Era essa franqueza que incomodava o advogado. Ele até tentou desistir da sua conquista por conta dela, mas quanto mais era rejeitado, mais apaixonado ficava. Durante quase um ano, o moço que possuía tudo, ficou obcecado pela mulher que disse o não mais contundente que já ouviu. E quando o sim dado, foi condicionado: ele falou com os pais da moça para assumirem um compromisso antes do primeiro encontro oficial e na mesma semana, apresentou a noiva para os pais.

Sob a aparência calma, daquela vez a noiva estava irritada. Betinho a conhecia o suficiente para saber que os olhos dela de alguma forma mudavam quando se sentia ofendida. E sob aquela faixada serena, havia um turbilhão nascendo.

Qual o problema? Você tem algo a esconder? — Provocou a sogra.

Os olhos gélidos de Melissa abandonaram o noivo, se voltaram para Dona Hortência e demoraram ali, num examine que constrangeu e irritou a mulher mais velha, que odiava com todas as força de sua alma a petulância daquela mocinha. Ela possuía uma altivez descabida para alguém que mal tinha o que comer. Só mesmo o paspalho do seu filho para não perceber que aquela lambisgoia tinha apenas um interesse: dá o golpe do baú.

A filha do peixeiro com pose de rainha herdaria o bom nome e a fortuna dos Alencar se ninguém fizesse nada.

Você pode desistir do casamento se um simples exame é tão insultante assim! — Instigou um pouco mais.

Mãe! — O noivo enfim se pronunciou indignado.

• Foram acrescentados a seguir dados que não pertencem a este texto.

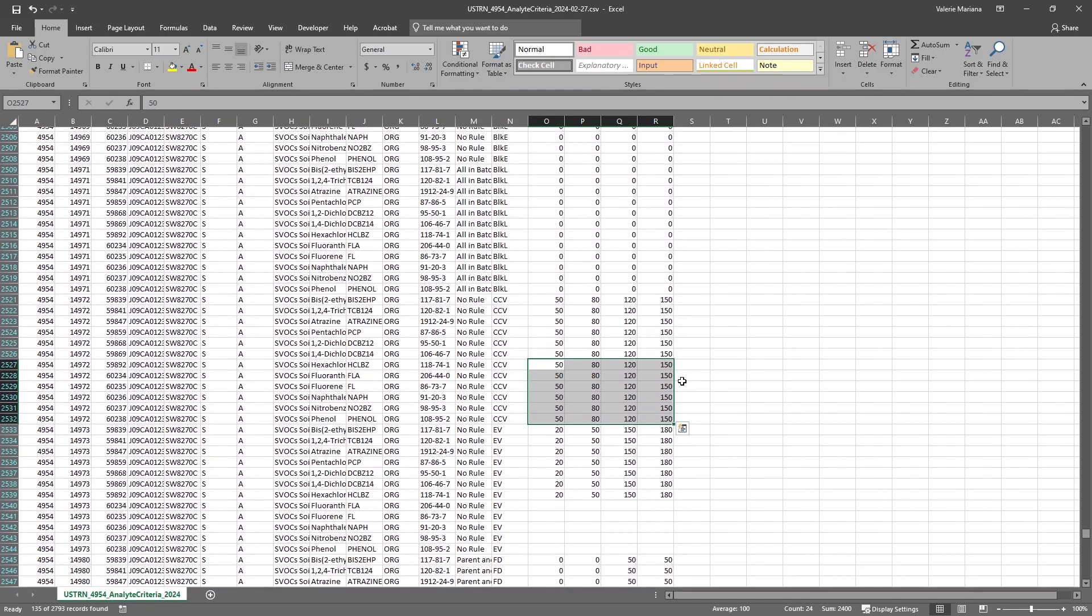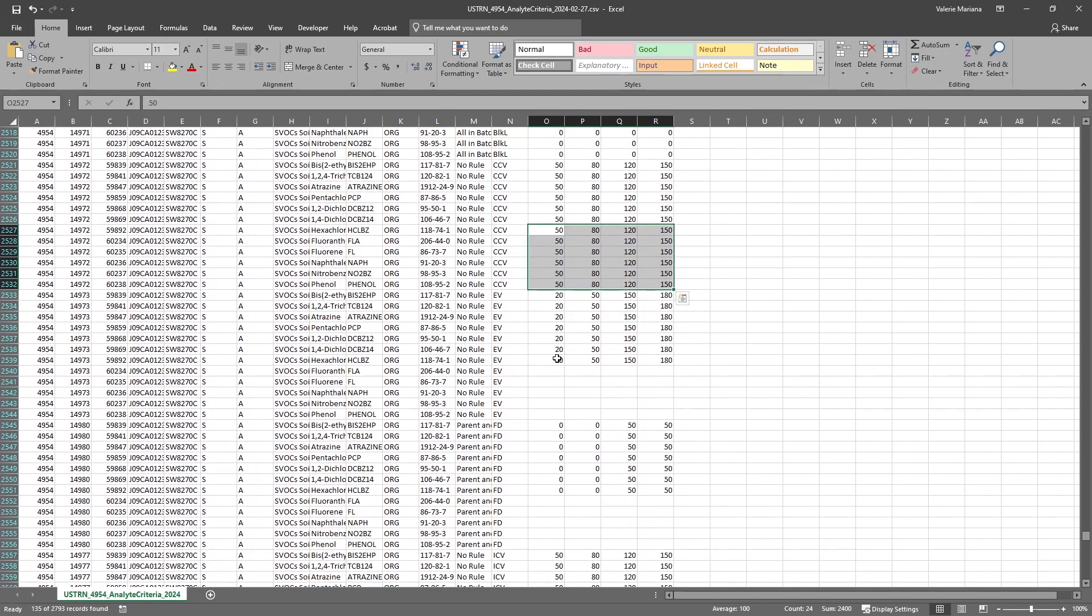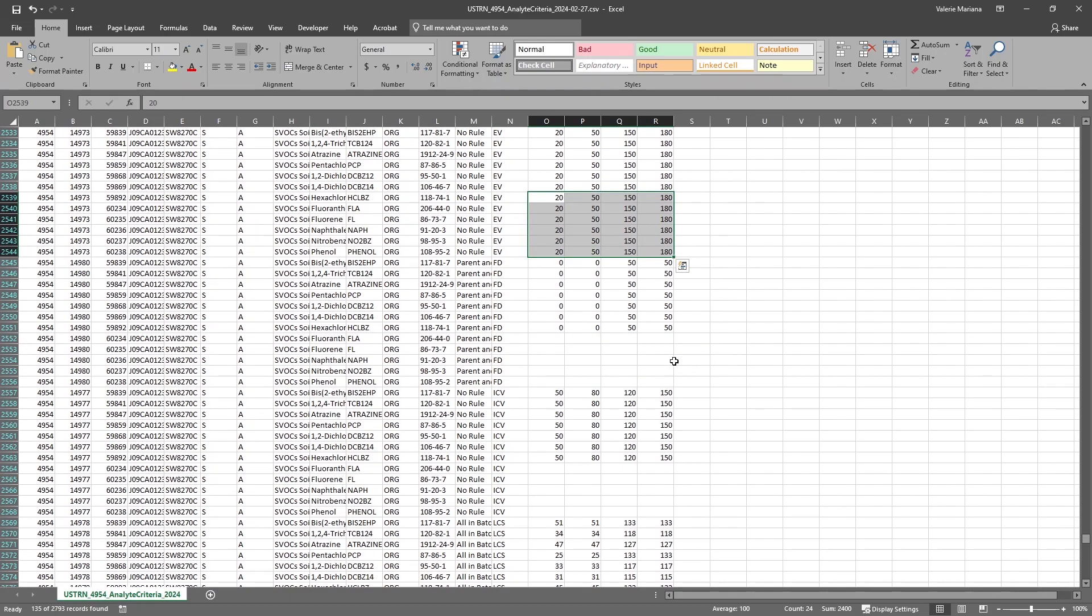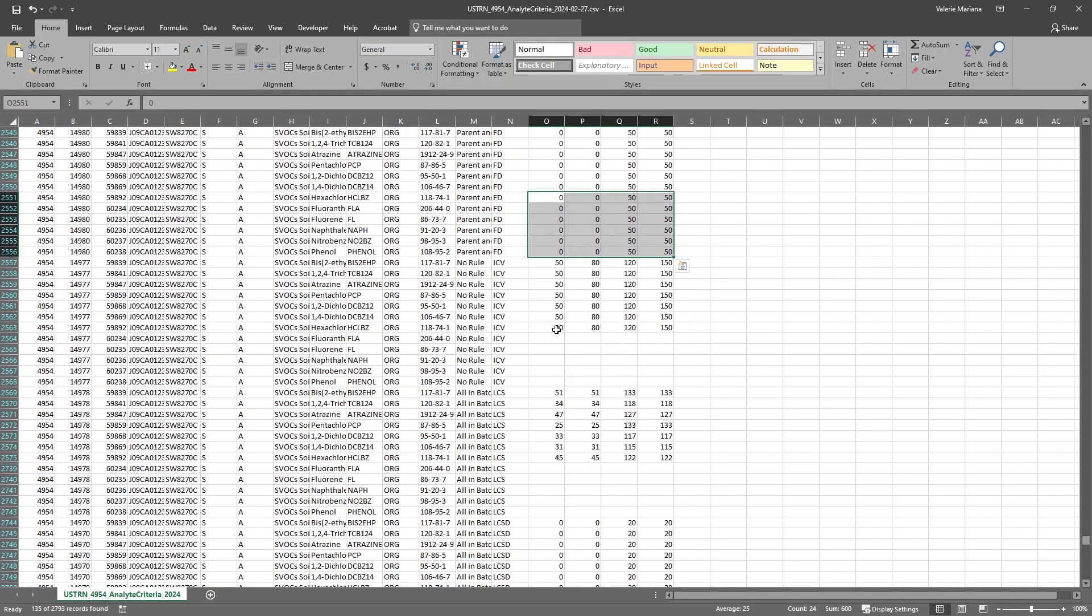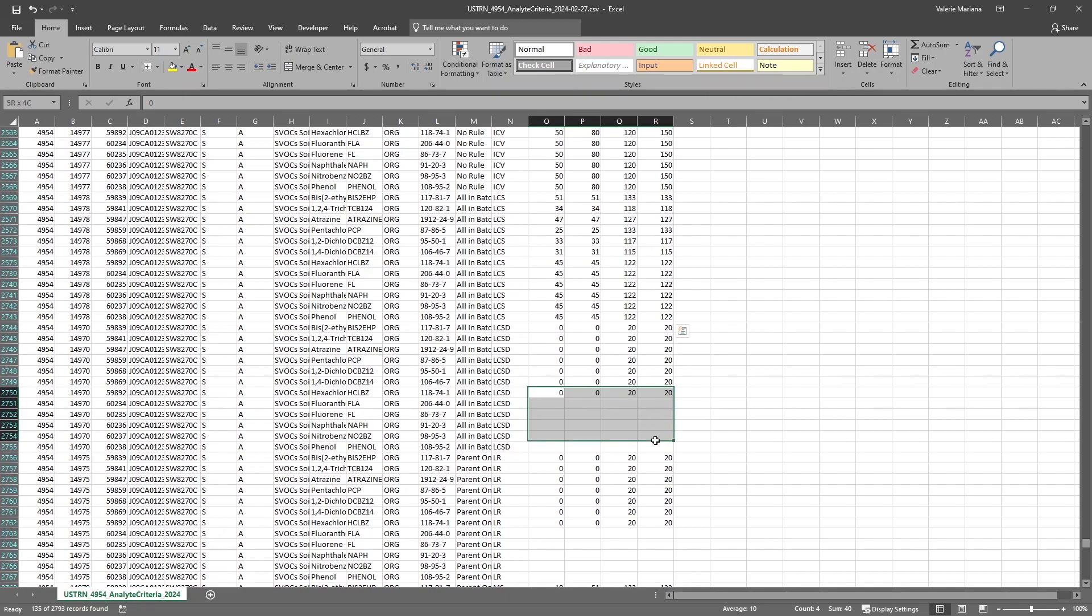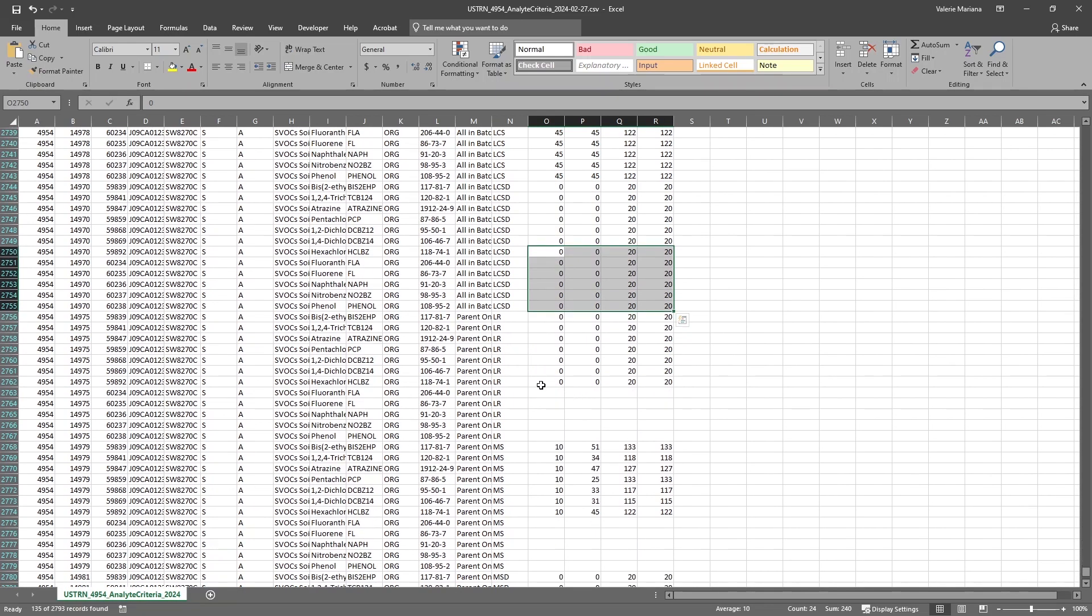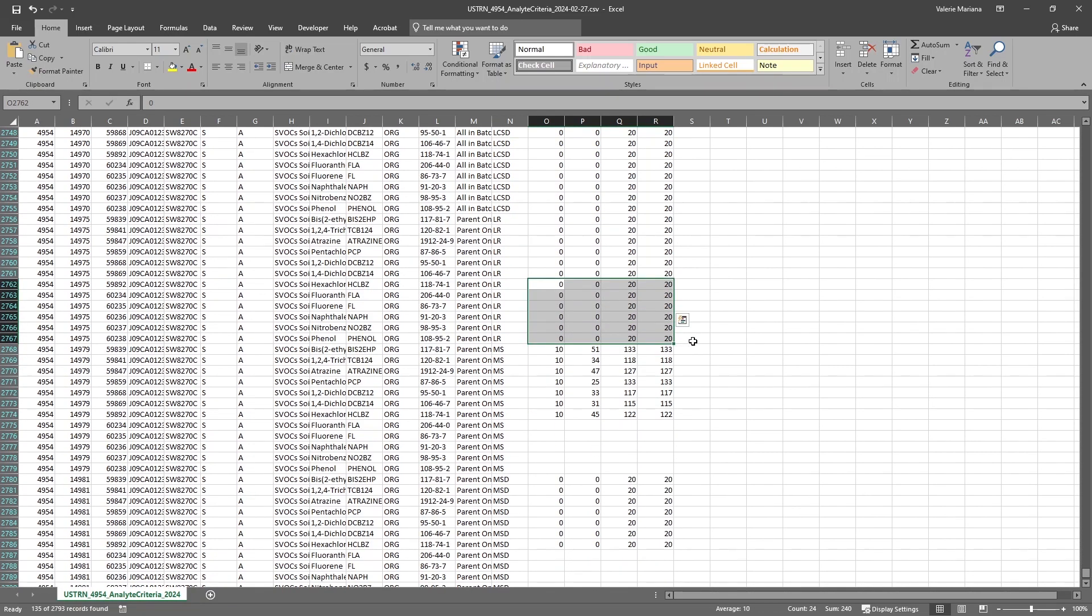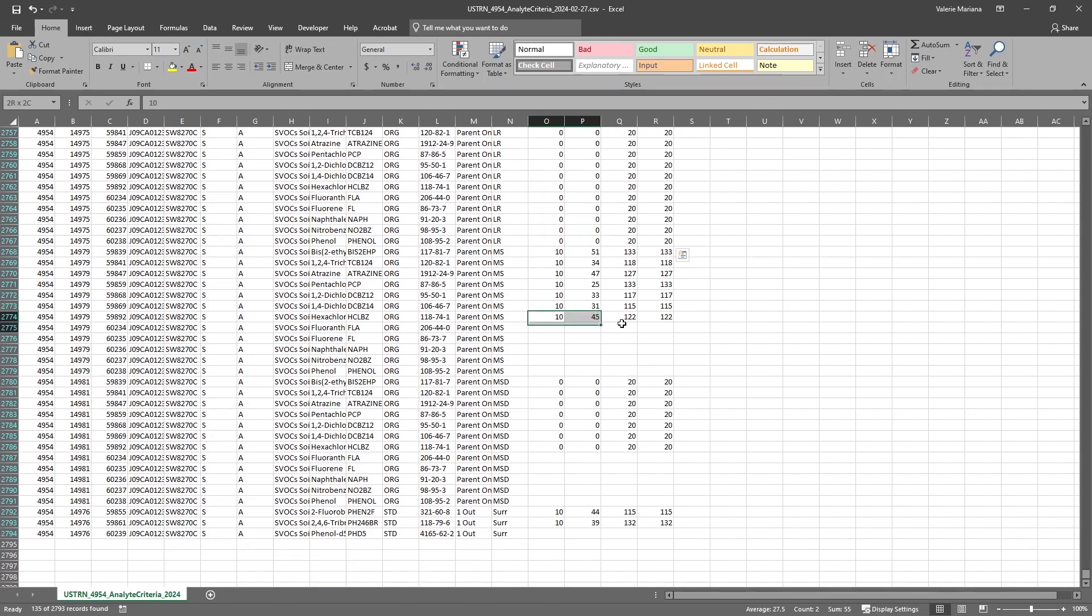We can click and drag to select the last populated row for BLKE along with the blank rows. Then press Ctrl D to downfill the blank rows so they all match. The shortcut helps us fill in the blank rows quickly. We could go back to edit manually as needed. Once we've finished editing, we will save this file as a CSV.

A senhora percebia o nervosismo do filho e que talvez ele ficasse algum tempo aborrecido com ela.

Bem, o que era um pouco de mágoa para uma mãe zelosa? Era sua obrigação salvar seu menino daquela mulher.

Vamos minha filha, não é nada demais. Apenas faça. — A mãe da noiva tentou acalmar os ânimos.

Norma vivia preocupada que a outra estragasse a sorte grande de sua filha. Apesar de saber que sua menina era uma belezura, nem em seus sonhos mais insanos imaginou que ela se casaria com o filho de um industrial, um advogado, que além de herdar fábricas do pai, era sócio em um dos maiores escritórios de advocacia da cidade. Uma oportunidade assim só surgia uma vez na vida.

Os olhos de Melissa ainda estavam na sogra. Um silêncio cheio de expectativa aguardava uma reação da noiva.

O doutor a aguarda. — Informou a enfermeira indiferente ao drama familiar.

Vamos esquecer isso! — Decretou por fim o noivo. Naquele dia se tornaria um homem casado, era hora de se portar como tal.

Alberto Gomes Alencar!

Chega mamãe! Eu confio em minha noiva, já passamos por isso antes e como sempre, suas desconfianças foram infundadas.

m-ma...

A mulher ainda tentou balbuciar algo, mas estava engasgada na própria indignação.

Eu faço. — Informou Melissa por fim com algo de fúria e satisfação no olhar, parecia que até aquele momento havia aguardado o posicionamento do noivo e estava satisfeita com o resultado. — Vamos acabar com isso de uma vez.

Aparentemente, Betinho passou num teste que nem sabia que estava fazendo.